Start of Given information
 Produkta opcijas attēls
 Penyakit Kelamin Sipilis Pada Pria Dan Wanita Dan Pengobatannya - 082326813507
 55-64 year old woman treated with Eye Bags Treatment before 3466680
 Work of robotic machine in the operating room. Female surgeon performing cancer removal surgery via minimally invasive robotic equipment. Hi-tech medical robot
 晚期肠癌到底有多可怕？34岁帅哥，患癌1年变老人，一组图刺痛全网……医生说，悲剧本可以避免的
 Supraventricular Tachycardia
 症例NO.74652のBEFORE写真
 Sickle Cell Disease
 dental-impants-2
End of Given information
Start of Given information
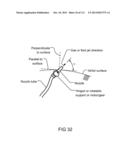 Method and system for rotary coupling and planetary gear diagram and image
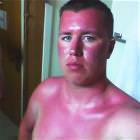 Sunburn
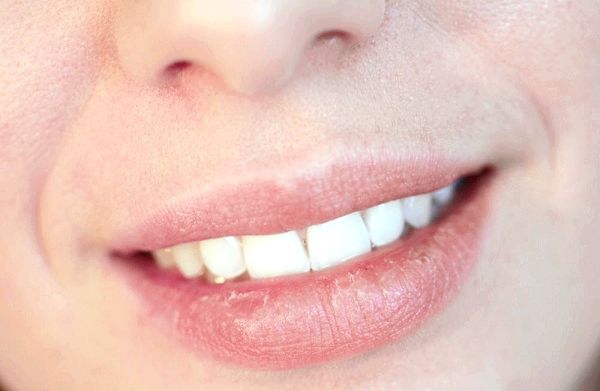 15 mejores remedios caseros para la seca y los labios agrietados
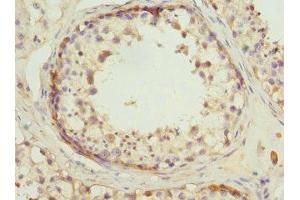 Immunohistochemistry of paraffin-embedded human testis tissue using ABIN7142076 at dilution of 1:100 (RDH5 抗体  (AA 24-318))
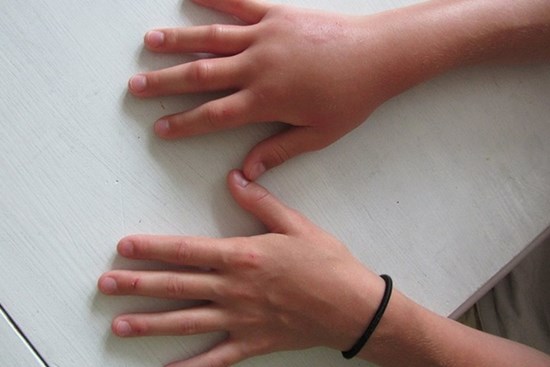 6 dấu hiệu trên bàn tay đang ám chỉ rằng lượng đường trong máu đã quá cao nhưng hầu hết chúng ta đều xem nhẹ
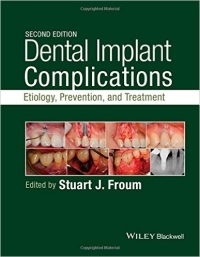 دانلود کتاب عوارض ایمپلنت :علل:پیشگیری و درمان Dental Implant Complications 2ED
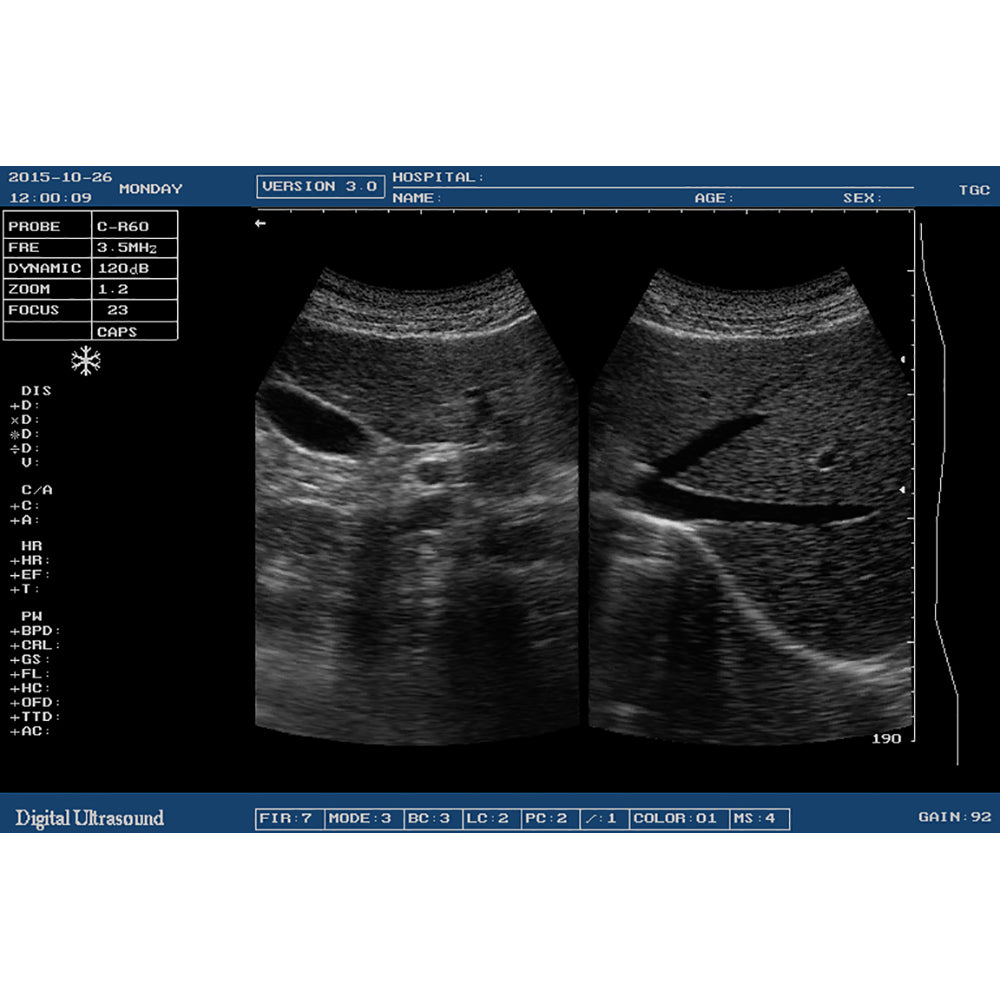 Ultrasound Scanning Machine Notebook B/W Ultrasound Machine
End of Given information
--- Work to be completed ---
Only the lines between the one with "15 mejores remedios" and the one with "دانلود کتاب عوارض", those two included, get copied from the material above. Keep it exact and free of pictures.

--- Expected output ---
 15 mejores remedios caseros para la seca y los labios agrietados
 Immunohistochemistry of paraffin-embedded human testis tissue using ABIN7142076 at dilution of 1:100 (RDH5 抗体  (AA 24-318))
 6 dấu hiệu trên bàn tay đang ám chỉ rằng lượng đường trong máu đã quá cao nhưng hầu hết chúng ta đều xem nhẹ
 دانلود کتاب عوارض ایمپلنت :علل:پیشگیری و درمان Dental Implant Complications 2ED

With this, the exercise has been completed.